Nous assurons une activité de livraison plus efficace, mais aussi plus durable.

L’un et l’autre ont visiblement été séduits par l’approche d’Urbantz. Fondée en 2015, la start-up a développé une solution SaaS ( software as a service) pour optimiser les tournées de livraison. Dans le jargon, on parle d’un TMS, soit d’un transport management system. La jeune pousse ne possède bien sûr aucune camionnette ni aucune flotte. Elle se focalise sur le développement d’une plateforme numérique. L’un de ses fondateurs, Michael Darchambeau, avait eu une expérience dans le transport durable pour le ” dernier kilomètre ” à Paris et s’était rendu compte, à l’époque, que la problématique de ” scalabilité ” d’un tel business passait par le système d’informations. ” Il fallait réceptionner les colis qui arrivaient par centaines et consolider les livraisons, se souvient l’entrepreneur. Mais sans une IT puissante, ce n’était pas possible aussi efficacement. Et puis, nous n’avions pas beaucoup de visibilité une fois que les livreurs quittaient l’entrepôt… ”

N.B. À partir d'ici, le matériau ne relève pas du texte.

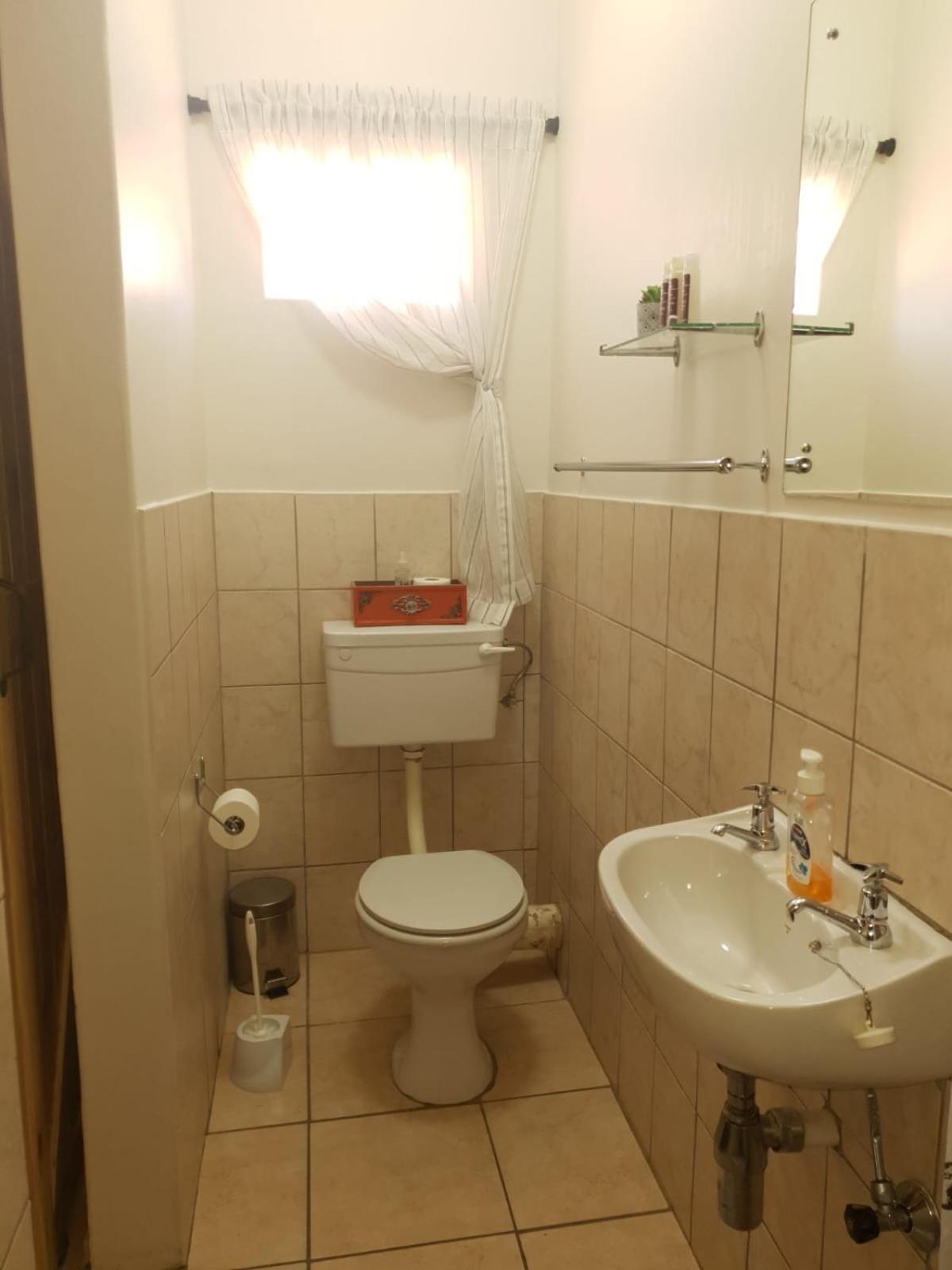 אפינגטון Tehillah Guesthouse מראה חיצוני תמונה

Voilà d’où est née l’idée d’Urbantz. Michael Darchambeau s’est ensuite associé à Jonathan Weber, Mélanie Applincourt, Dimitri De Boose (CEO actuel de Bsit) et Jérémie Jacquet (Adneom) pour fonder Urbantz – les deux derniers ne s’impliquant plus opérationnellement dans la start-up. Leur volonté est claire : digitaliser et optimiser les tournées des entreprises de transport de taille moyenne qui, parfois encore, se passent d’outils numériques poussés pour organiser les livraisons. Il s’agit d’optimiser les déplacements. Cela consiste à déterminer les chemins les plus courts, à éviter que plusieurs camionnettes ne passent le même jour dans la même rue, à diminuer les trajets à vide, etc. ” De la sorte, nous assurons une activité de livraison plus efficace, mais aussi plus durable “, souligne Jonathan Weber, CEO d’Urbantz.

Modèle “SaaS”

La start-up a adopté un business model assez classique dans l’univers du SaaS : un abonnement lié à des volumes. Un peu comme dans les télécoms : les entreprises prennent des packs qui couvrent un certain nombre d’unités (ici des livraisons). A l’unité, l’usage du logiciel ne coûte aux clients que quelques dizaines de centimes par livraison. ” Dans le coût d’une livraison, cela reste marginal pour nos clients, mais nous représentons un élément différenciant “, plaide Jonathan Weber. Pour la start-up, ces ” quelques dizaines de centimes ” commencent en effet à chiffrer. Les responsables d’Urbantz ne dévoilent pas leur chiffre d’affaires actuel. Mais on peut aisément imaginer que le MRR (revenu récurrent mensuel) de la jeune pousse dépasse 100.000 euros chaque mois. C’est en général le niveau de MRR des entreprises actives en software as a service lorsqu’elles opèrent leur série A.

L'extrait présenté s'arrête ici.